What to work on: Return the listing below exactly as it stands. Pictures stay out.

[[ Data block open ]]

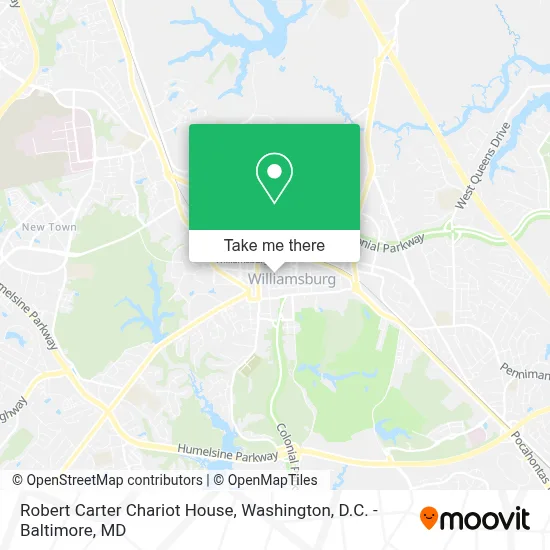 Robert Carter Chariot House map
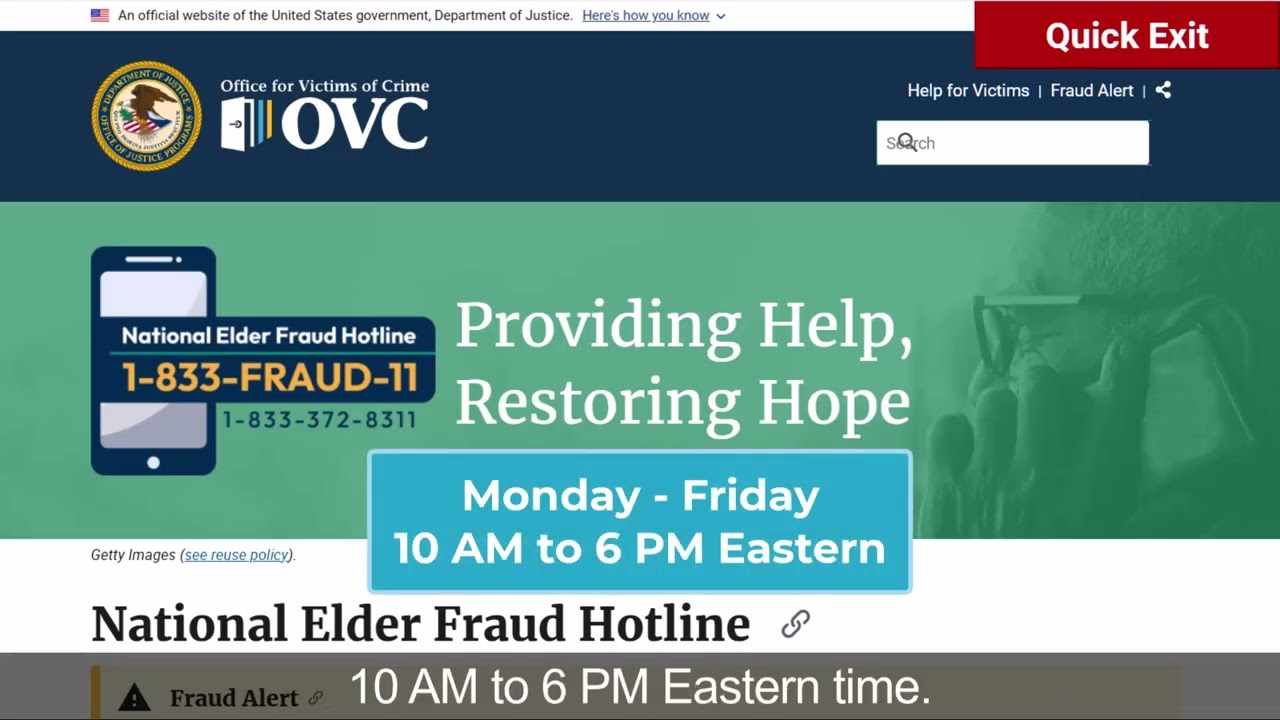 Reporting Elder Fraud
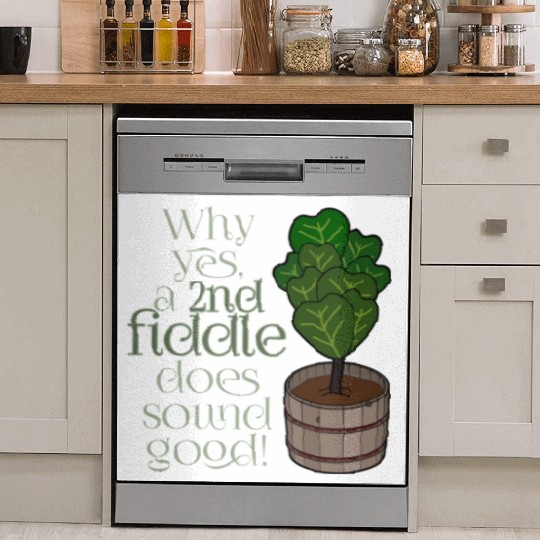 2nd fiddle... leaf fig Dish Washer Covers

[[ Data block closed ]]

Task response:
 Robert Carter Chariot House map
 Reporting Elder Fraud
 2nd fiddle... leaf fig Dish Washer Covers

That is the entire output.